I use OSX so my main function is simple. I understand there is more to write for Windows.
To build and call the function
addIntexe = CreateExecutable[src4, "addInt", "Debug" -> True]
link4 = Install[addIntexe]
Note: For debugging, the simplest I found is this command. You can use it with LibraryLink too (see below). For most practical purposes it has the same effect as "ShellOutputFunction"->Print
(http://stackoverflow.com/a/7772365/1420713).

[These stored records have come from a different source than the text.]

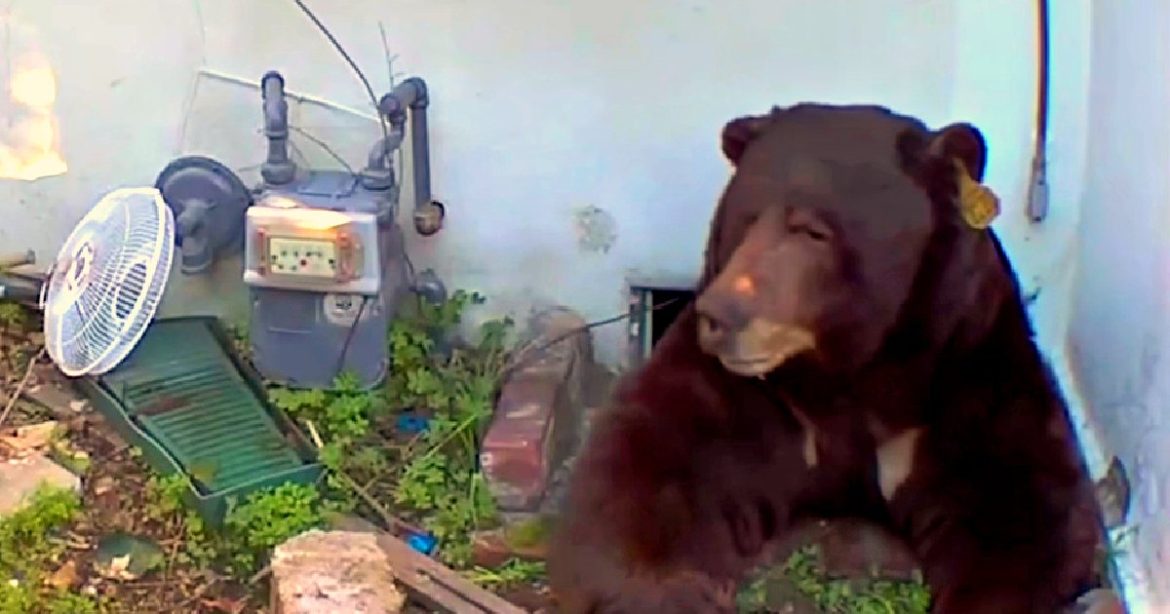 For a Month, a Black Bear Has Been Living in the Basement of a House in California – Homeowner To Sue State Authorities as They Are Unable or Unwilling To Remove It (VIDEOS)
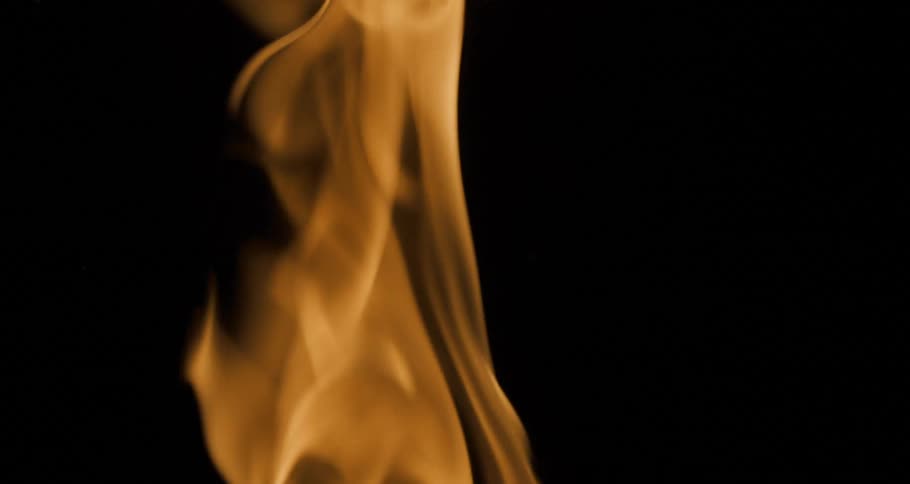 Fire flames in the dark night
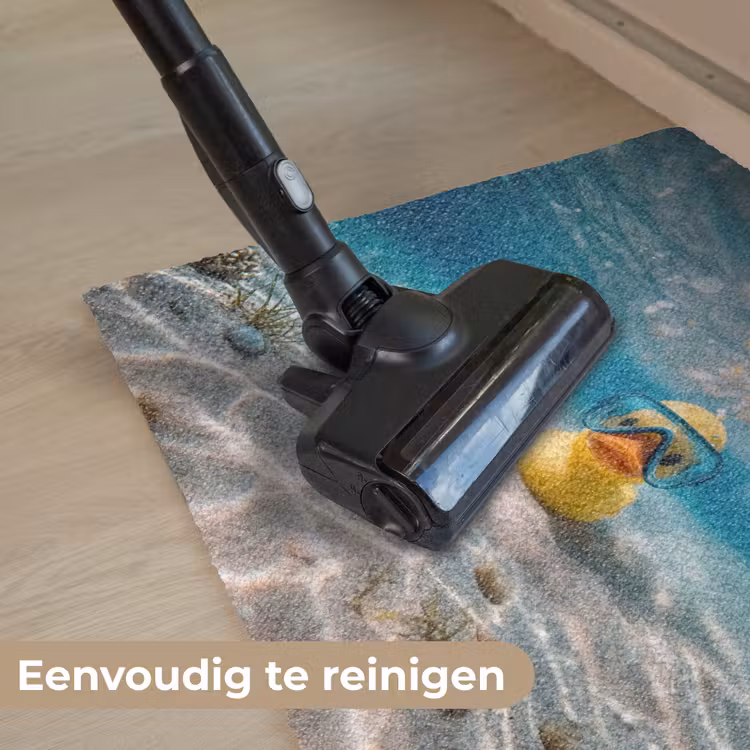 Duikbril - Eend - Water Deurmat klein -reinigen_NL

2a/ MathLink inside LibraryLink (following Halirutan suggestion), importing/exporting individual integers
#include <stdlib.h>
#include "mathlink.h"
#include "WolframLibrary.h"
DLLEXPORT mint WolframLibrary_getVersion( ) {
return WolframLibraryVersion;
}
DLLEXPORT int WolframLibrary_initialize( WolframLibraryData libData) {
return LIBRARY_NO_ERROR;
}
DLLEXPORT void WolframLibrary_uninitialize( WolframLibraryData libData) {
return;
}
static long addIntImpl(int i, long j) {
return i+j;
}
DLLEXPORT int addInt(WolframLibraryData libData, MLINK mlp)
{
int i1;
long li2, sum;
long len;
if (!MLCheckFunction(mlp, "List", &len))
goto retPt;
if (len != 2)
goto retPt;
if (!MLGetInteger32(mlp, &i1))
goto retPt;
if (!MLGetInteger64(mlp, &li2))
goto retPt;
if (!MLNewPacket(mlp))
goto retPt;
sum = addIntImpl(i1, li2);
if (!MLPutInteger64(mlp,sum))
goto retPt;
return LIBRARY_NO_ERROR;
retPt:
return LIBRARY_FUNCTION_ERROR;
}
To build (the same Debug option helps) and call the function
lib2 = CreateLibrary[src2, "addInt", "Debug" -> True]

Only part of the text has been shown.